Jihad

Muslims are sharply divided among themselves in their understandings of the term jihad, an Arabic term meaning "struggle." This is evident in the fact that over the centuries they have come to distinguish between different forms of jihad with varying nuances. In one reading, jihad might refer to legally-sanctioned defensive armed combat against one’s enemies. For example, the early Muslim community invoked this reading of jihad when besieged by the Quraysh, the dominant tribe in the city of Mecca when Muhammad began preaching a message that they felt socially and economically threatened by. The early Muslim community’s ongoing war with the Quraysh and its allies provided a blueprint for Islamic just war concepts that have been interpreted in varying ways since.

With the rise of Arab imperial power in the eighth and ninth centuries yet another layer of meaning came to be associated with military jihad as the term was invoked in the rhetoric of empire building and the legitimization of Muslim hegemony over non-Muslims and later over Muslims whose religious practice was perceived to be incorrect. This triumphalist interpretation of jihad was called upon during periods of conquest and reform, for example, during the reformist jihad of the Hausa leader and Islamic scholar Usman Dan Fodio (d. 1817) in what is now Nigeria.

In the nineteenth and twentieth centuries, as European colonialism and nationalism swept across many Muslim societies, jihad became an ideology of resistance. Anti-imperialist movements in India, Sudan, North Africa, and Palestine appropriated the concept of jihad to mobilize Muslim populations against Western imperial powers. French colonial forces in Algeria were met by ‘Abd al-Qadir al-Jaza’iri (d. 1883), a scholar and Qadiri Sufi who is remembered by Algerians today as a national hero whose anti-colonial stance was deeply informed by his faith.

Jihad was also invoked against regimes that came into power after the colonial governments fell. Sayyid Qutb (d. 1966), a prominent member of the Egyptian Muslim Brotherhood, opposed the regime of President Gamal ‘Abdel Nasser, asserting that it was contrary to Islamic principles. During nearly a decade of imprisonment and torture, Qutb called for the overthrow of “un-Islamic” regimes by violence if necessary and invoked the doctrine of jihad. His writings continue to inspire radical groups that use the concept of jihad to justify violence. The most significant reinterpretation of jihad in recent times took place in the context of the Cold War when a coalition of several nations, led by the United States, co-opted and endorsed a militant form of jihad in their battle against communism after the Soviet Union invaded Afghanistan in 1979.
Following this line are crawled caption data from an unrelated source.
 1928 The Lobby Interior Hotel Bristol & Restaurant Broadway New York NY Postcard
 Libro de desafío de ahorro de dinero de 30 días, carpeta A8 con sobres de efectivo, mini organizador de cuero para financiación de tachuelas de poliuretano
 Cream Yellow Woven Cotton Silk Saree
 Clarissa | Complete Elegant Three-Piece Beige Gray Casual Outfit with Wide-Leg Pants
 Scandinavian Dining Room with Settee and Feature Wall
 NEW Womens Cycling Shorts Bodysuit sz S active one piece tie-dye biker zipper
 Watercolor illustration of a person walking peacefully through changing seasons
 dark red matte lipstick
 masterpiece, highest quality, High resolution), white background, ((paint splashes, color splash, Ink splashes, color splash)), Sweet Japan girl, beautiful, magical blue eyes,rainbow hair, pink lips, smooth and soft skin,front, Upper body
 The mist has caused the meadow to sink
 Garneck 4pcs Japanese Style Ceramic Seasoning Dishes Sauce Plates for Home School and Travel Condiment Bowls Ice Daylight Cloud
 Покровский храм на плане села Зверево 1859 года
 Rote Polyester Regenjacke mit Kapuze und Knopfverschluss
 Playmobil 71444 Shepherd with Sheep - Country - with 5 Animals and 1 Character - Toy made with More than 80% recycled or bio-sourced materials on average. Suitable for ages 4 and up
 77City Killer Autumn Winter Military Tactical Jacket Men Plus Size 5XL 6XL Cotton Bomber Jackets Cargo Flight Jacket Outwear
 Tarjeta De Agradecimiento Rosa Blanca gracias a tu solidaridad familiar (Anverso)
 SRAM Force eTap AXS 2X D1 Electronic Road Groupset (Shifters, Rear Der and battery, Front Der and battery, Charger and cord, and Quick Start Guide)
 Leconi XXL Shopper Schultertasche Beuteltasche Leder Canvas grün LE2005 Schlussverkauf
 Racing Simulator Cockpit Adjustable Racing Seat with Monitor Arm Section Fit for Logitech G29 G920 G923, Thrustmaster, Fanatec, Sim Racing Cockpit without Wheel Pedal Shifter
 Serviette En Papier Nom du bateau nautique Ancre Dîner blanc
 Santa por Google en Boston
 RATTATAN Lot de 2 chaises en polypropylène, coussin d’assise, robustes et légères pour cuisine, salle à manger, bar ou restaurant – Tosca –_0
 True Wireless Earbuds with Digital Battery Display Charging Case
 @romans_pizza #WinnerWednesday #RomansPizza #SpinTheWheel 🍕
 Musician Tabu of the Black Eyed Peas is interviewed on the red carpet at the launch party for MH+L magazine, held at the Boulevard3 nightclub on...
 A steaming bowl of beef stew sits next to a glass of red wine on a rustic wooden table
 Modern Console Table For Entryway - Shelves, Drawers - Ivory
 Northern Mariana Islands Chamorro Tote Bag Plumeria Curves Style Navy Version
These are not the only possible meanings of jihad, or even the most popular meanings as understood by Muslims through time and space. Muslims also speak of a jihad of the tongue and jihad of the pen as ways to express the teachings of Islam. Some Muslims have understood jihad in ethical terms, conceiving of it as a person’s inner struggle against the impulses of the ego, such as greed, anger, and jealousy—what the Prophet Muhammad himself referred to as the “greater jihad.”

In another sense, some Muslims consider jihad to be a human being’s struggle to fulfill one’s obligations to family and society. In the context of the modern nation state, jihad has been used to refer to a state-sponsored program that is non-military in nature. For example, President Bourguiba of Tunisia and General Musharraf of Pakistan employed the term in the context of eliminating illiteracy, poverty, and economic stagnation to promote economic and social development in their countries.